Web queries are a feature of Excel which is used to fetch data on a web page into the Excel worksheet easily. Excel can automatically find tables on the webpage and would let you pick the particular table you need data from. Web queries can also be helpful in cases where an ODBC connection is not possible to maintain other than just extracting data from the web pages. Let’s see how web queries work and how scraping of HTML tables off the web using them can be done.
Moving Ahead
Let’s start with a simple Web query to scrape data from the Yahoo! Finance page. This page is an easier one to scrape and hence it’s a good fit for learning the method purpose. The page is also pretty straightforward and doesn’t have much important information in the form of links or images. Here is the URL we will be using for the tutorial:
http://finance.yahoo.com/q/hp?s=GOOG
Creating a new Web query:
1. Select the cell in which you want the data to appear.
2. Click on the Data-> From Web
3. The New Web query box will pop up as shown below.
4. Enter the web page URL you want to extract data from in the Address bar and click the Go button.
5. Click on the yellow-black buttons next to the table you want to extract data from.
6. After selecting the required tables, click on the Import button and you’re good to go.

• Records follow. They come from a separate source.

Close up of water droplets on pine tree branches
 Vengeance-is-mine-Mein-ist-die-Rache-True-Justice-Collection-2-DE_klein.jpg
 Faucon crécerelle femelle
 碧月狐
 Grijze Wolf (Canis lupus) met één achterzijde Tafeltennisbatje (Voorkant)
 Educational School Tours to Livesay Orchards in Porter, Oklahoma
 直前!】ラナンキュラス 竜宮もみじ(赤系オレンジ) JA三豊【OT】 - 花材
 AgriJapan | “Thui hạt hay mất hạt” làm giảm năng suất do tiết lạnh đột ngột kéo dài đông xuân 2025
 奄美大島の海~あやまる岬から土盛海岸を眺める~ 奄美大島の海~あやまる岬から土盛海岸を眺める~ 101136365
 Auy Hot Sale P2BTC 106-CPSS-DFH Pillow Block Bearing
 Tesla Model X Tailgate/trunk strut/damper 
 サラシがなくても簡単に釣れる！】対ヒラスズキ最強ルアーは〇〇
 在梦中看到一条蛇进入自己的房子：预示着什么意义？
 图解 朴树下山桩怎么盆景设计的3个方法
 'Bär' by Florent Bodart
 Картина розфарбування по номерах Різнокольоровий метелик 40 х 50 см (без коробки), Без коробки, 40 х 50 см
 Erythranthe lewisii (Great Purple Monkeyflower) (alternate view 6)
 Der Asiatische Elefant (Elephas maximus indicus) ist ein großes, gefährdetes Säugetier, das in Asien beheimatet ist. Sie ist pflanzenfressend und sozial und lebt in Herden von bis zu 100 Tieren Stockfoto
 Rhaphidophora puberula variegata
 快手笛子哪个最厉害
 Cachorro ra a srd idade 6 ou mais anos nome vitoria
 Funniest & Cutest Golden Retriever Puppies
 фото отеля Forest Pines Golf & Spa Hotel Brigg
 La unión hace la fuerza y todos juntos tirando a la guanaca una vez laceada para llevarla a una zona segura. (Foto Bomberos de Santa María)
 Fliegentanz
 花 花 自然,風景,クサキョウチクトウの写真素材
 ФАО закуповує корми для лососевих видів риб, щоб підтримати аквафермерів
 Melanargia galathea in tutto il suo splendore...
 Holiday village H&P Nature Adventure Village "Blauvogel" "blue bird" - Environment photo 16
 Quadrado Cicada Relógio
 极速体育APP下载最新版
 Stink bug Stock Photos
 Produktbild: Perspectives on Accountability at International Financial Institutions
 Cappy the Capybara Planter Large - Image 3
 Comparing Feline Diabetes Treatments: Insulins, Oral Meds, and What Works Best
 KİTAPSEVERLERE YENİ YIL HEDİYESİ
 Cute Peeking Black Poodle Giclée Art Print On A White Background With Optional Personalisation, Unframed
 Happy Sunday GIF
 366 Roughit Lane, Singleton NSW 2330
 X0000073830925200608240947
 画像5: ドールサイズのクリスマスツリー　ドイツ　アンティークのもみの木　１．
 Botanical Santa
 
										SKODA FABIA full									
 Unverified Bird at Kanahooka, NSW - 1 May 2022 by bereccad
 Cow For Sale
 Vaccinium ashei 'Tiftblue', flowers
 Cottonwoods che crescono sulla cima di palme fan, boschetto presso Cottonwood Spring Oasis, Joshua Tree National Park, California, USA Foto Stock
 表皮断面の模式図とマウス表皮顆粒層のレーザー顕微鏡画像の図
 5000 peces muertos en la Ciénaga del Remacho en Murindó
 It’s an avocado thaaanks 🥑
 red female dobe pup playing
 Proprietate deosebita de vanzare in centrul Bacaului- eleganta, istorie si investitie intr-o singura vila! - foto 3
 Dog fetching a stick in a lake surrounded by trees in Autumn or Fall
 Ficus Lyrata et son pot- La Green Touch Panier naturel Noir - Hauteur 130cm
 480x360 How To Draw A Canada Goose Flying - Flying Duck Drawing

Excel will now start downloading the content of the selected tables into your worksheet.
Once you have the data scraped into your Excel worksheet, you can do several things like creating charts, sorting, formatting, etc. to better understand or present the data in a meaningful way.
Customize the query
Once a web query is created, you can customize it according to your requirements. To do this, access Web query properties by right-clicking on a cell with the extracted data. The page you were querying appears again, click on the Options button to the right of the address bar. A new pop up box will show where you can customize how the web query interacts with the target page. You get options to change some of the basic things related to web pages like redirections and formatting.
Besides, you can also alter the date range options by right-clicking on a random cell with the query results and selecting Data range properties. The data range properties dialog box will pop up where you can make the necessary changes. You can rename the data range to something you can easily recognize like ‘Stock Value’.
Auto-refresh
Auto-refresh is a distinct feature of web queries that’s worth mentioning, and which makes our Excel web scraper a truly powerful one. You can also make your extracted data auto-refreshing so that your Excel worksheet will update the data whenever there is a change in the source website. You can also set how often you need the data to be updated from the source web page from the data range options menu. The auto-refresh feature can be enabled by ticking the box beside ‘Refresh every’ and setting your preferred time interval for updating the data.
Web scraping at large scale
Although extracting data using Excel can be a great way to scrape HTML tables from the web, it is nowhere close to a real web scraping solution. This can come in handy if you are collecting data for your college research paper or you are a hobbyist looking for a cheaper way to get some data. If you want data for business, you will have to depend on an expert web scraping provider with expertise in dealing with web scraping at scale. Outsourcing the complicated process will also help you save some precious time that you can invest in marketing your business.